Details About Georgia’s Hands-Free Driving Law
Transportation safety has remained a top priority in the Georgia State House for many years, and I am happy to announce that the Hands-Free Georgia Act will officially go into effect on July 1. Many Georgia drivers are uncertain of what this law specifically entails. The Hands-Free Georgia Act does prohibit drivers from holding their phones and operating a motor vehicle simultaneously; however, there are other aspects of the law that Georgia drivers should be aware of.
- Drivers will not be allowed to cradle or hold a phone or other electronic wireless device behind the wheel unless the driver is making an emergency call.
- Drivers will not be allowed to use more than one button to answer or use their mobile phone.

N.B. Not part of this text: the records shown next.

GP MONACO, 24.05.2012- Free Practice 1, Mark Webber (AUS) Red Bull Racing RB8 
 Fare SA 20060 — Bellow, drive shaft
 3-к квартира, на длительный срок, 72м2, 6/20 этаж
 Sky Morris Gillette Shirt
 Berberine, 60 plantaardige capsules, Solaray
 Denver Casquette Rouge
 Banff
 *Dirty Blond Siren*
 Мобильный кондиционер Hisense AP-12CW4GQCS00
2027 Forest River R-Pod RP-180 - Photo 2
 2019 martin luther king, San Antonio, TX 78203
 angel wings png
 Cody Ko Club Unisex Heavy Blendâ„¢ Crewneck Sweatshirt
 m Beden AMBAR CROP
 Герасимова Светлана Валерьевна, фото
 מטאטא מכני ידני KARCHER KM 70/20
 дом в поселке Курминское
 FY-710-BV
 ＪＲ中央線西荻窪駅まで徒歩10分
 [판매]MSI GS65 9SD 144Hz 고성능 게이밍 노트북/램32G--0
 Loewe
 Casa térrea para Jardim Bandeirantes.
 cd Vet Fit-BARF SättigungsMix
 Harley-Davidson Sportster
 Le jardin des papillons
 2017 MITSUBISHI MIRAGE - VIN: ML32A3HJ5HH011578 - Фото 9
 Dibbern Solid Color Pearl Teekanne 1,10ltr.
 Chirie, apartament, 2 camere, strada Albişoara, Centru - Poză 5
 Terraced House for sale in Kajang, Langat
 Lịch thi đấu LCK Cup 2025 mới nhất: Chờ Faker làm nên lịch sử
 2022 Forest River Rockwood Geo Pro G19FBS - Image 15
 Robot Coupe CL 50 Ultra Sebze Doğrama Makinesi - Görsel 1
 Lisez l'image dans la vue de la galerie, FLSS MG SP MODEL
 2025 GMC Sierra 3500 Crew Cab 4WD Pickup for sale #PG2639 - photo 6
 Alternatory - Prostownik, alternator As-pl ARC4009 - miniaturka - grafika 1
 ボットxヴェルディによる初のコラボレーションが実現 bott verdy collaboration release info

- Drivers will not be allowed to reach for a phone or other electronic wireless device if doing so requires them to undo their seat belt or stand.
- Drivers will not be allowed to text, answer emails, watch videos, or record from behind the wheel.
- Drivers are allowed to use GPS, voice-to-text features, and can make and receive phone calls as long as it is hands-free (via single-ear headphones or Bluetooth pieces).
- Drivers are allowed to use in-car navigation and entertainment systems.
- Drivers are allowed to use music streaming apps, but they cannot activate these apps or change music while driving. Music streaming apps that include video are prohibited.
- Law enforcement, emergency, and utility drivers are still allowed to use their phones.